**Captioned web image data**.
--- START ---

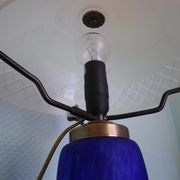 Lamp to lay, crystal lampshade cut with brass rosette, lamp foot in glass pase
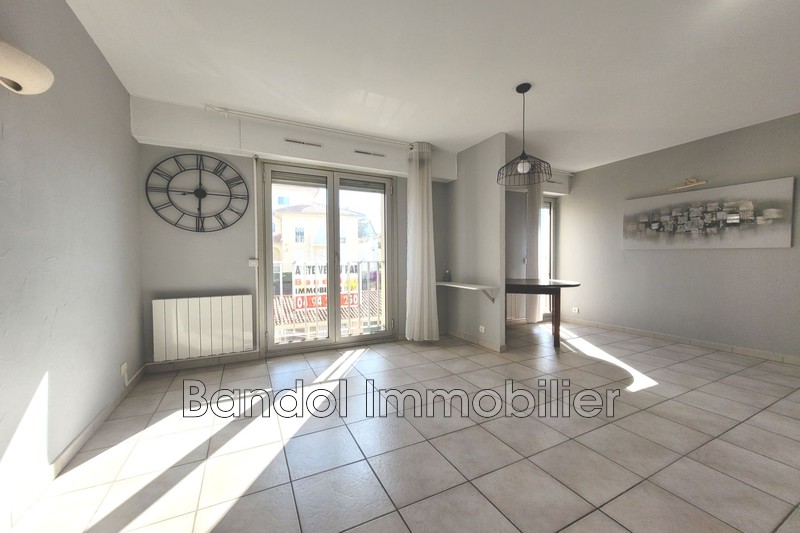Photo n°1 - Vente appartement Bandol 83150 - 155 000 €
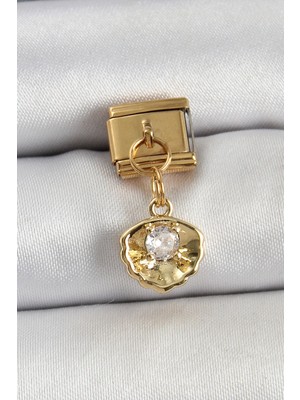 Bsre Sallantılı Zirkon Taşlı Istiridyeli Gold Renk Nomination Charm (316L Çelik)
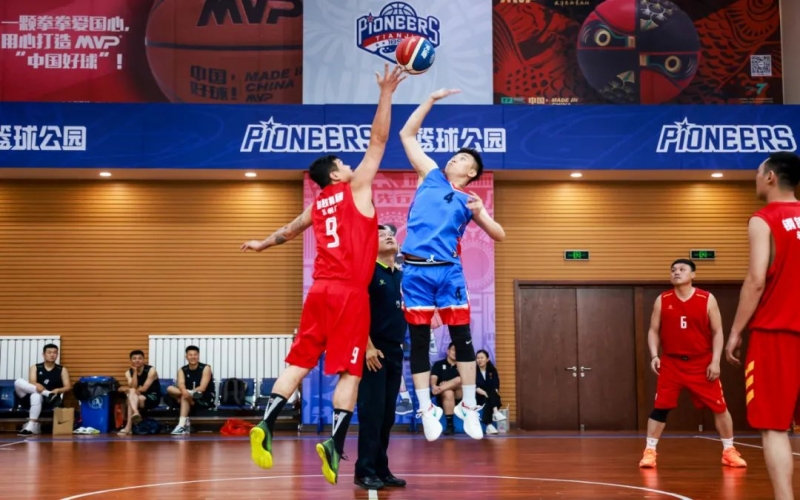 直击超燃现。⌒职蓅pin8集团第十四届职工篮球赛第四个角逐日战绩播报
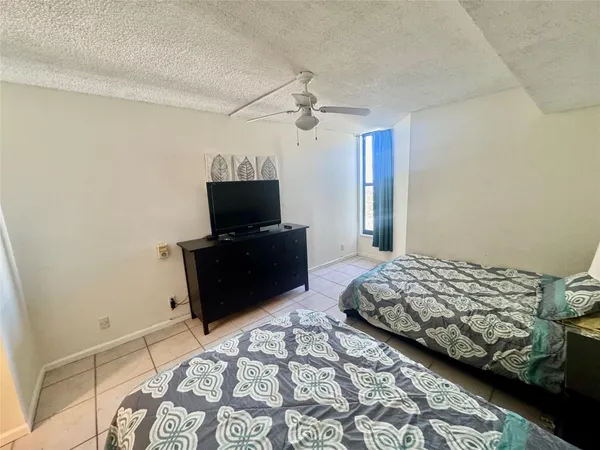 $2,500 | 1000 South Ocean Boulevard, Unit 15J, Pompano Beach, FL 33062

--- END ---

**TASK DIRECTIONS**.
Print the data once more without any change, skipping each picture.

**RESULT OF THIS EXERCISE**.
 Lamp to lay, crystal lampshade cut with brass rosette, lamp foot in glass pase
Photo n°1 - Vente appartement Bandol 83150 - 155 000 €
 Bsre Sallantılı Zirkon Taşlı Istiridyeli Gold Renk Nomination Charm (316L Çelik)
 直击超燃现。⌒职蓅pin8集团第十四届职工篮球赛第四个角逐日战绩播报
 $2,500 | 1000 South Ocean Boulevard, Unit 15J, Pompano Beach, FL 33062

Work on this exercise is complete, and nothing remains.